◆ To do
Set down without change every line from the line that contains "CZYSTA SINUSOIDA KD1257" through the end of the listing, and only those lines. No pictures.

◆ Input data
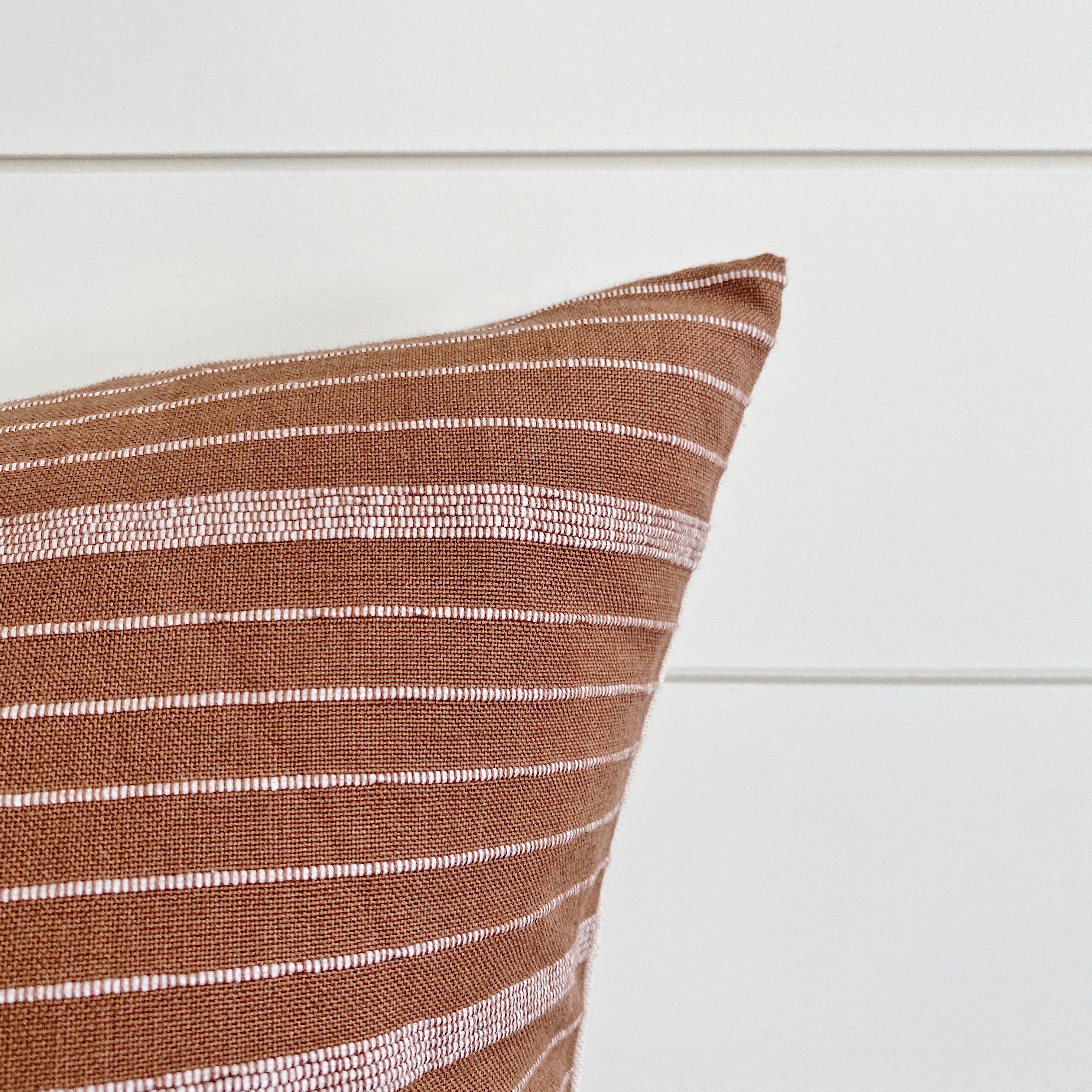 LILA || Rust & White Striped Pillow Cover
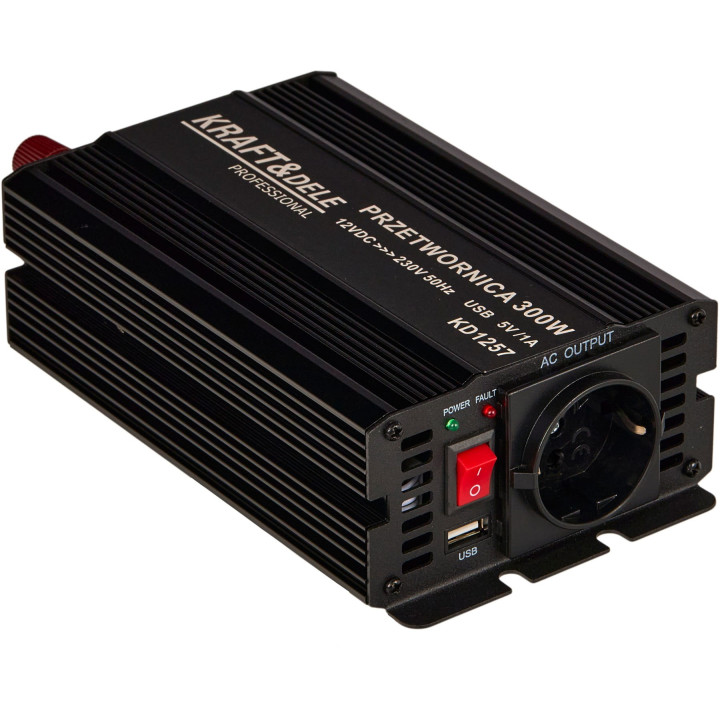 Przetwornica napięcia  12V na 230V 300 / 600W CZYSTA SINUSOIDA KD1257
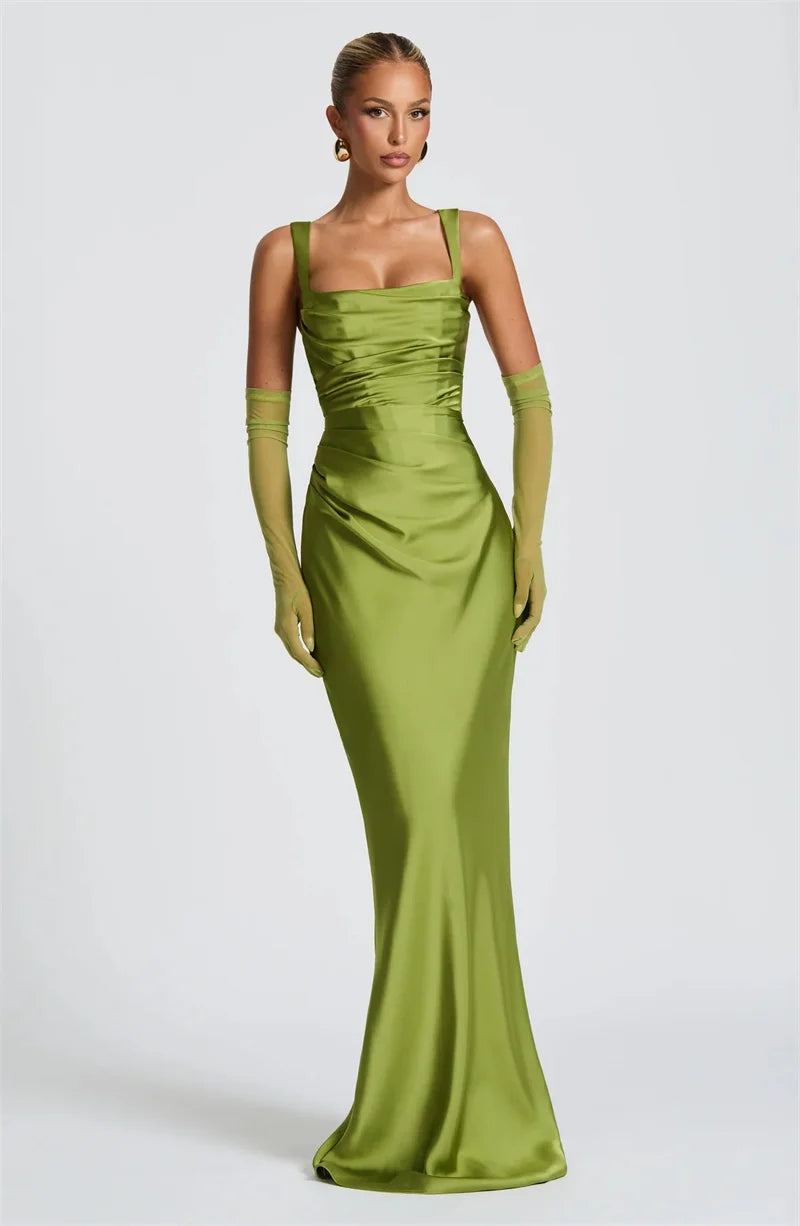 Satin Backless Square-Neck Party Dress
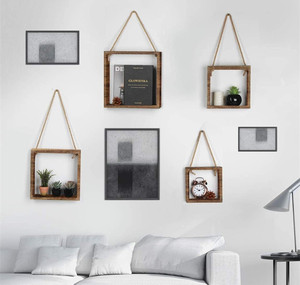 Boîte d'ombre décorative pour la maison Cube carré en bois suspendu étagères flottantes murales <span class=keywords><strong>avec</strong></span> <span class=keywords><strong>corde</strong></span> - Product Image 4
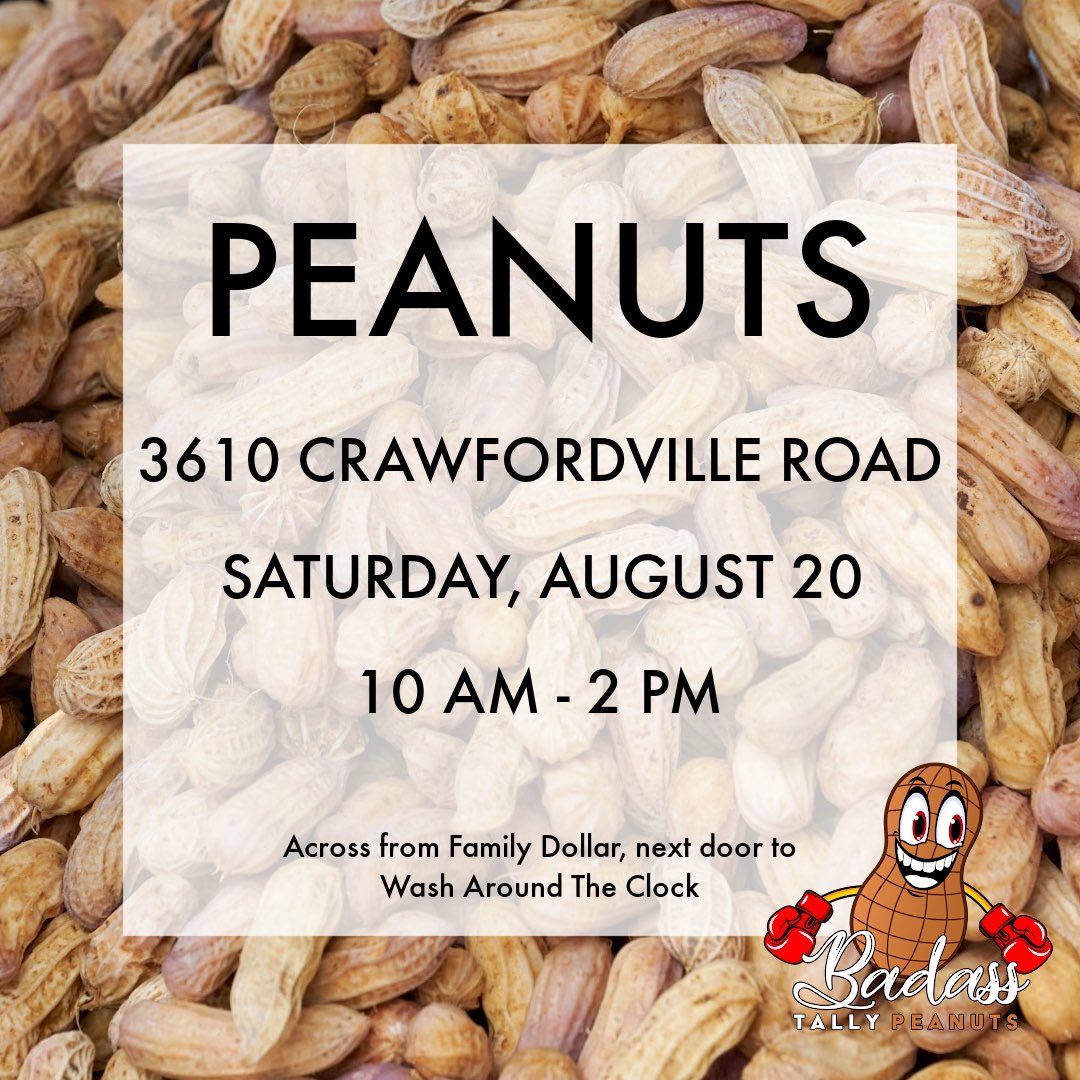 Did you miss us last week? If so, stop by THIS Saturday, August 20, 10 am - 2 pm, 3610 Crawfordville Road. 🥜❤️ #badasstallypeanuts #tallahassee #tallahasseefoodies #hotboiledpeanuts #famu #fsu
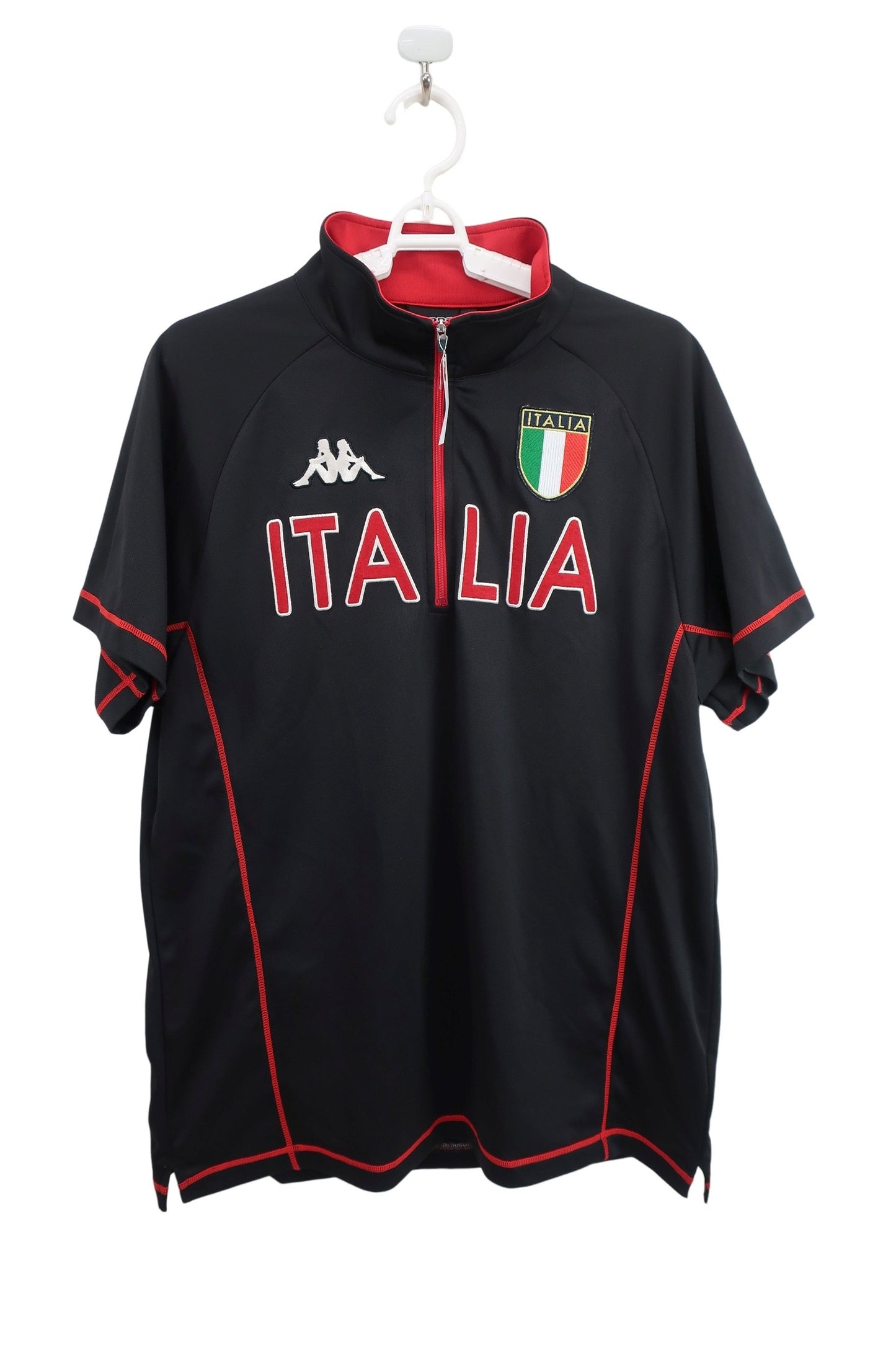 Kappa(カッパ) ハーフジップシャツ 黒赤 メンズ LL A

◆ Result of this exercise
 Przetwornica napięcia  12V na 230V 300 / 600W CZYSTA SINUSOIDA KD1257
 Satin Backless Square-Neck Party Dress
 Boîte d'ombre décorative pour la maison Cube carré en bois suspendu étagères flottantes murales <span class=keywords><strong>avec</strong></span> <span class=keywords><strong>corde</strong></span> - Product Image 4
 Did you miss us last week? If so, stop by THIS Saturday, August 20, 10 am - 2 pm, 3610 Crawfordville Road. 🥜❤️ #badasstallypeanuts #tallahassee #tallahasseefoodies #hotboiledpeanuts #famu #fsu
 Kappa(カッパ) ハーフジップシャツ 黒赤 メンズ LL A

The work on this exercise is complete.